BARON Georges

Par Michel Thébault

Né le 13 novembre 1909 à Bazaiges (Indre), mort en action le 25 août 1944 à Chauvigny (Vienne) ; résistant AS maquis Le Chouan.

Georges Baron était le fils de Joseph Baron (né en 1879 à Rivarennes, Indre), bûcheron et de Joséphine, Pauline Desplaces (née en 1885 à Luzeret, Indre). Sers parents s’étaient mariés le 8 octobre 1903 à Luzeret et il était leur deuxième enfant, après Aimée, Joséphine née en 1905. En 1944, marié à Marie Louise Pouquet, il résidait à Sillars dans le département de la Vienne, entre Lussac-les-Châteaux et Montmorillon.

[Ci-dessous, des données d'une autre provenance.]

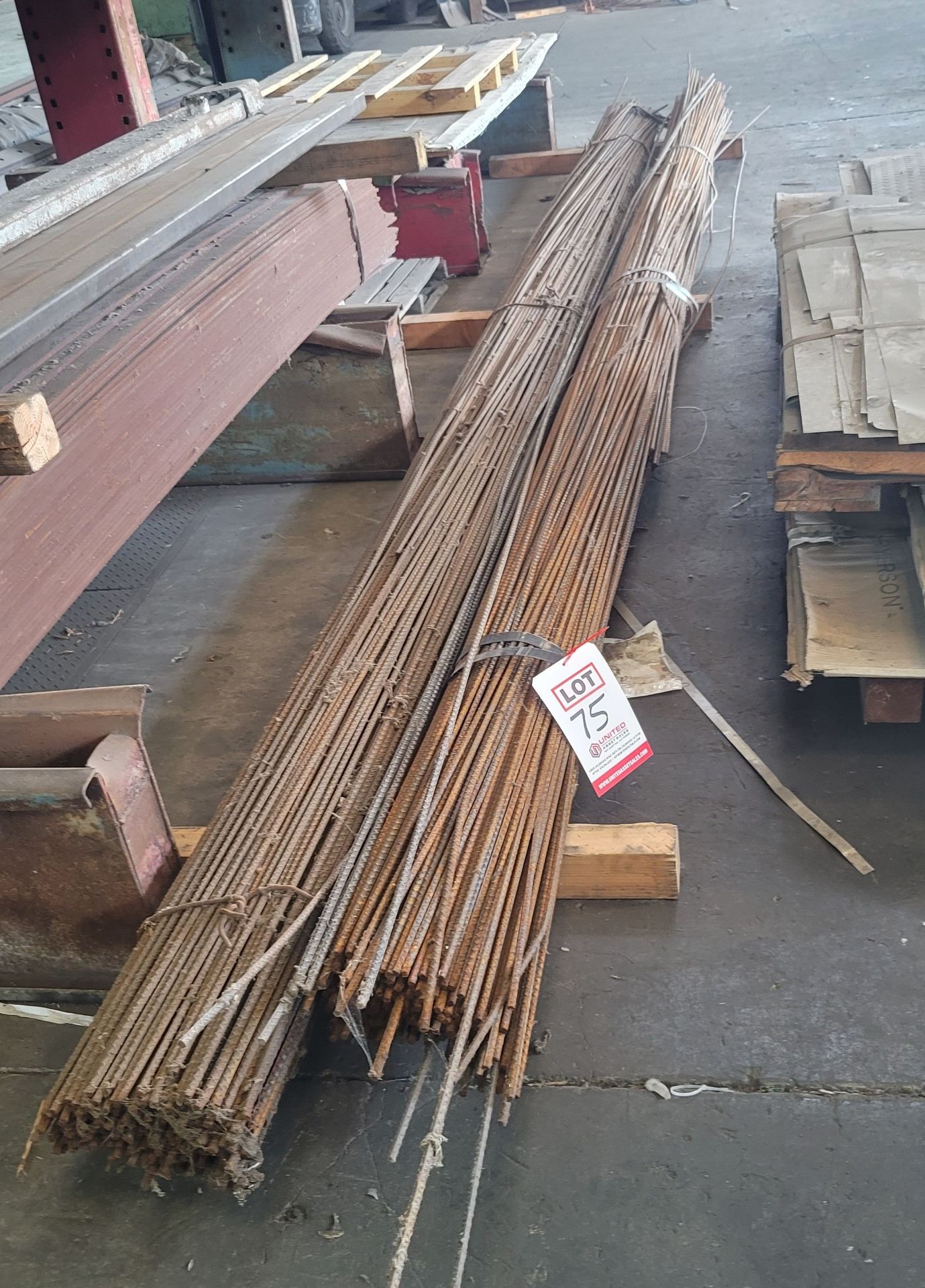 LOT - REBAR, 3/16 AND 1/4"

Il s’engagea, à une date qui reste à préciser, dans la Résistance, rejoignant un maquis de l’Armée Secrète (AS) de l’est du département : le groupement « Le Chouan » de l’Armée Secrète (AS), qui connut après le 6 juin 1944 une forte croissance de ses effectifs. En août 1944, la situation militaire de l’armée allemande sur le front de l’ouest se dégrada brutalement. Le 19 août 1944 un ordre de repli général fut donné aux unités allemandes stationnées dans le sud-ouest. Le passage par le seuil du Poitou devint un enjeu stratégique essentiel, du fait de l’impossibilité de remonter ni par le Limousin (à cause de la Libération de Limoges) ni par l’axe traditionnel de la RN 10 vers Tours (à cause de l’avancée des troupes anglo-américaines). Les unités allemandes de la colonne Elster (groupement de marche du sud-ouest qui réunissait environ 25 500 hommes sous les ordres du général Botho Elster) tentèrent à partir de Poitiers de marcher vers l’est et le nord-est de la Vienne, utilisant les axes secondaires, vers Chauvigny et Lussac-les-Châteaux et circulant de jour comme de nuit pour échapper aux attaques de l’aviation alliée et au harcèlement des forces FFI. Le contrôle des ponts sur la Vienne à Chauvigny devint un enjeu majeur. Le 25 août, dans la nuit, un barrage du maquis Le Chouan était établi à l’entrée du pont routier sur la Vienne. Vers 1 ou 2 heures du matin un véhicule allemand se présenta devant le barrage et répliqua par des tirs aux demandes d’arrêt des sentinelles. Georges Baron et un de ses camarades Marius Serrault furent tués dans l’échange de tirs.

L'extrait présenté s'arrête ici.